80年代を舐める苦痛と快楽

今更こういう曲を聴いているのは、特別驚くことではないと思う。SPANK HAPPYのような巧まれた「80年代」を聴いているくらいだから、無意識に生きていた時代の音楽も聴く、ということは十分ありうるだろう。
夏の憂鬱」自体は1995年にだされたが、幼少期を80年代で、少年期を90年代で過ごした私たちは、少なくとも95年までは80年代の「空気」が残っていたことを知っているし、このシングルも例外ではない。
私は80年代的なるものと接すると、生理的な嫌悪感を抱くと同時に、やはりそこで生まれたのだといういわくいいがたい感情に包まれる。それはちょうど嘔吐感に似ていて、吐き気によって齎される身体的な苦痛と幼少期の記憶とがリンクする感じと同一だ、といっても分かってはもらえないだろう。どうもこれは、私個人の特殊な感情のようだから。したがって、わざわざ好んで80年代的音楽を聴くというのは、その感慨を舌の上で転がして、じっくりと舐めまわしているということになる。どうも変態じみた趣味だとは思うが、これほどマゾヒズムサディズムと同時に満たす快楽はないだろう。他人には勧めないけれども。

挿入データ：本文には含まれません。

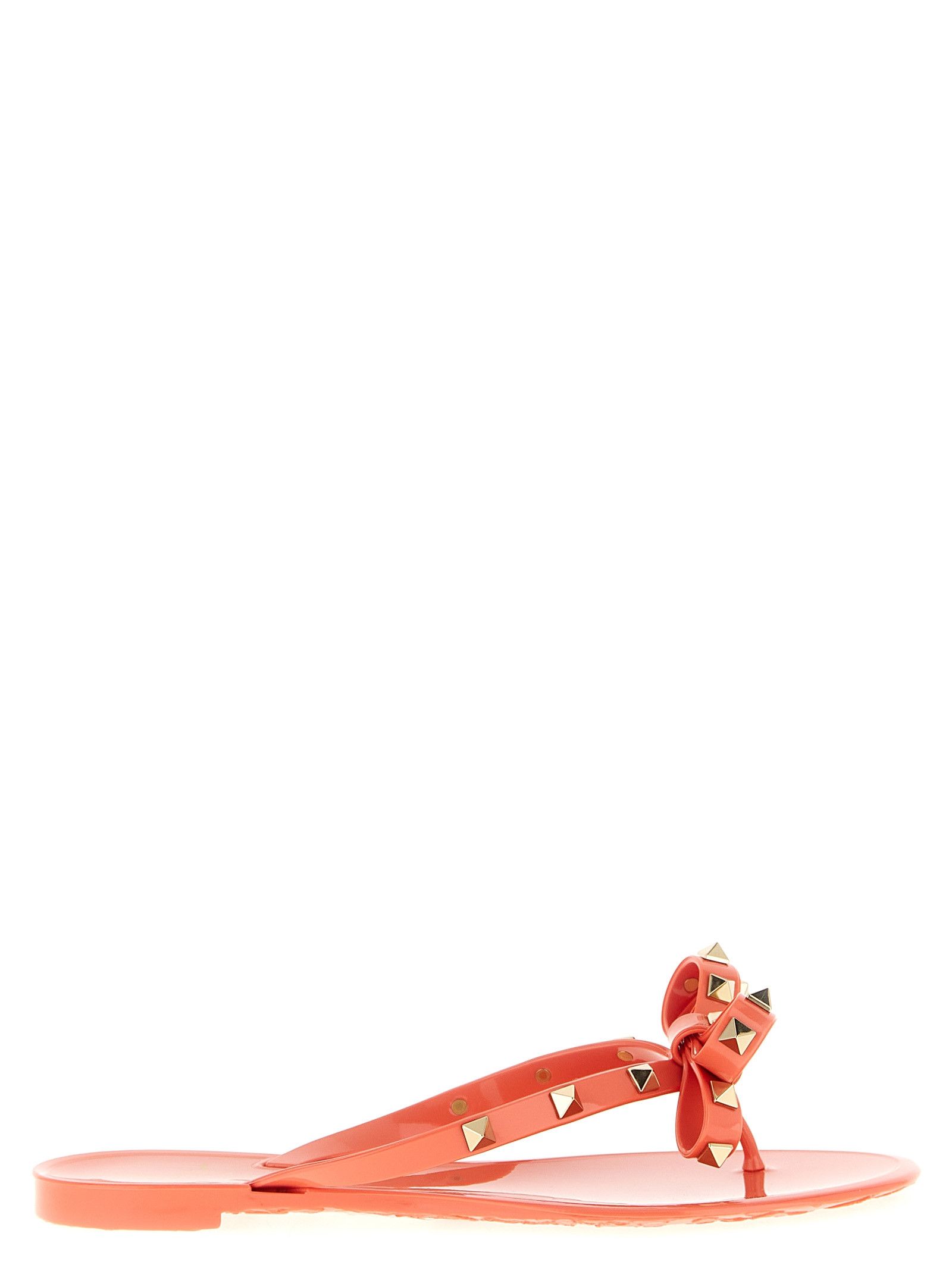 Valentino Garavani 'Rockstud' Thong Sandals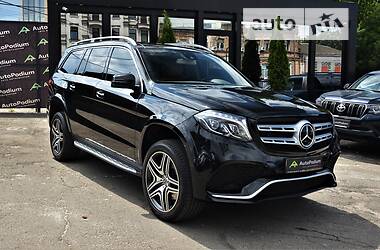 Внедорожник / Кроссовер Mercedes-Benz GL-Class 2013 в Киеве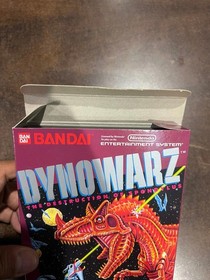 Dynowarz Nintendo NES Complete CIB - MINTY!!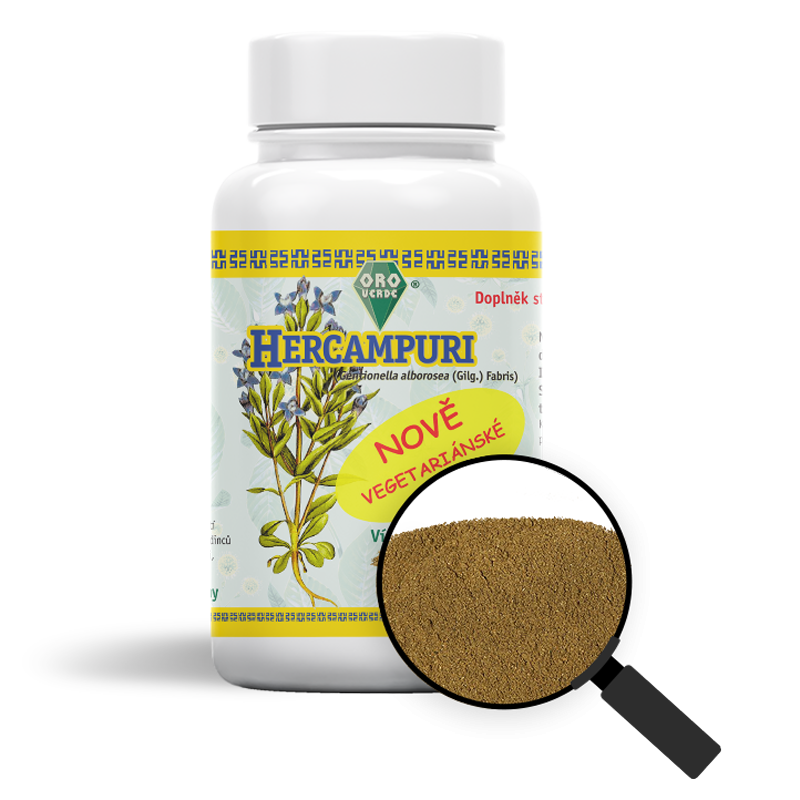 Oro Verde Hercampuri 100 kapsúl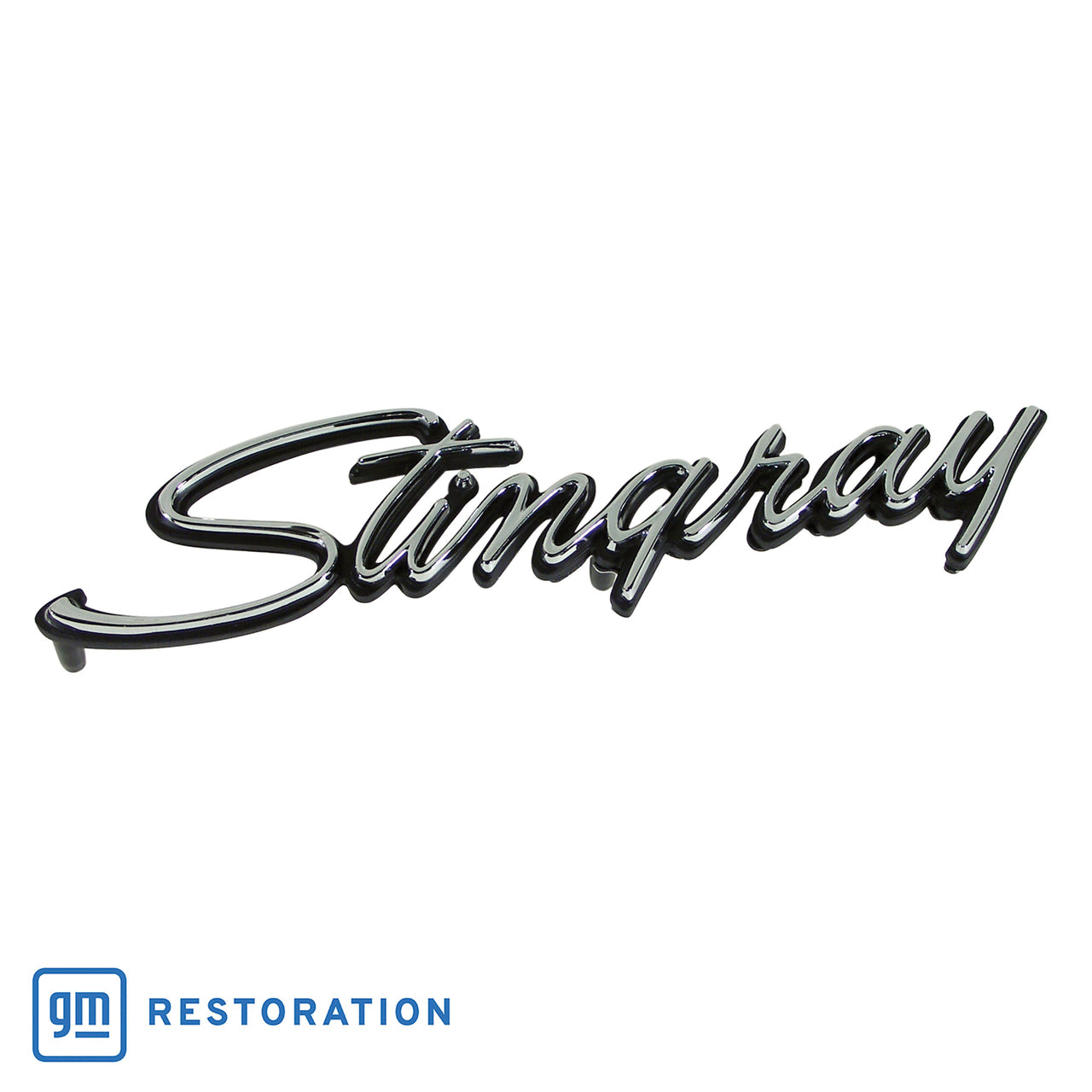 Emblem-Front-Fender-Stingray-32612-Corvette-Store-Online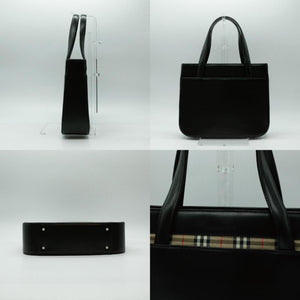 Luxury Burberry Nova Check Handbag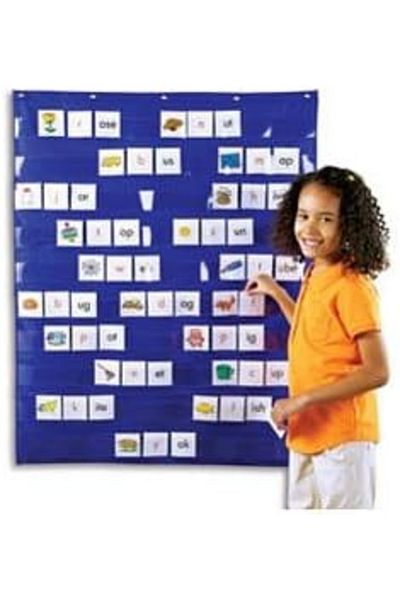 Learning Resources standard Pocket Chart-LER2206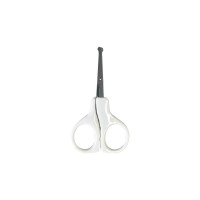 Ножиці манікюрні безпечні MGZ-0715(White) білий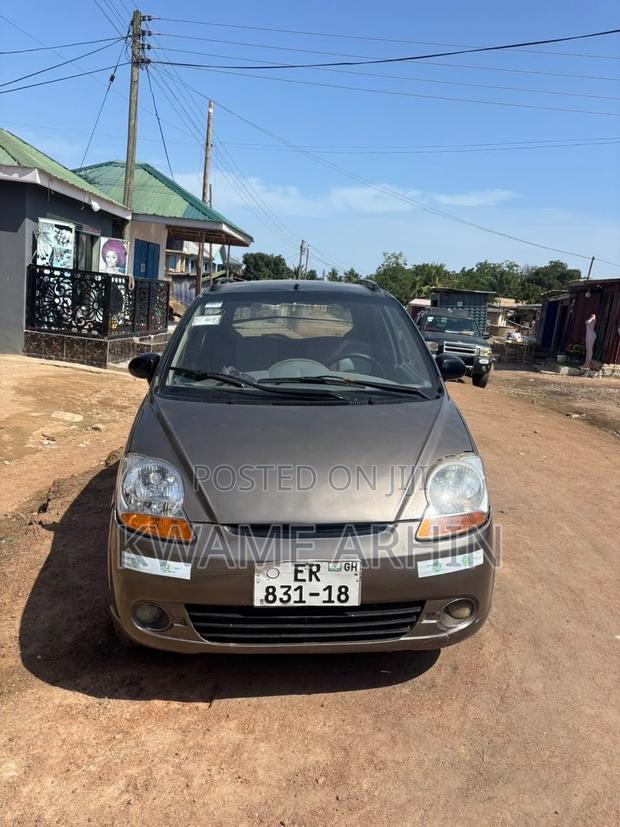 Daewoo Matiz 0.8 S 2008 Gray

それにしても思うのだが、この2000年代前半というのも、80年代と似た濃厚な空気を纏っている。若い子と一緒にカラオケに行けば、00年代のJ-POPの感性は、90年代的なメロドラマをさらに単純化(退行?)したものだとすぐに得心するはずだ。きっと20年後、つまり私が中年のころになって、私は、ふたたび00年代の「空気」を嫌悪するのだろう。それはそれで、楽しみではあるけれど。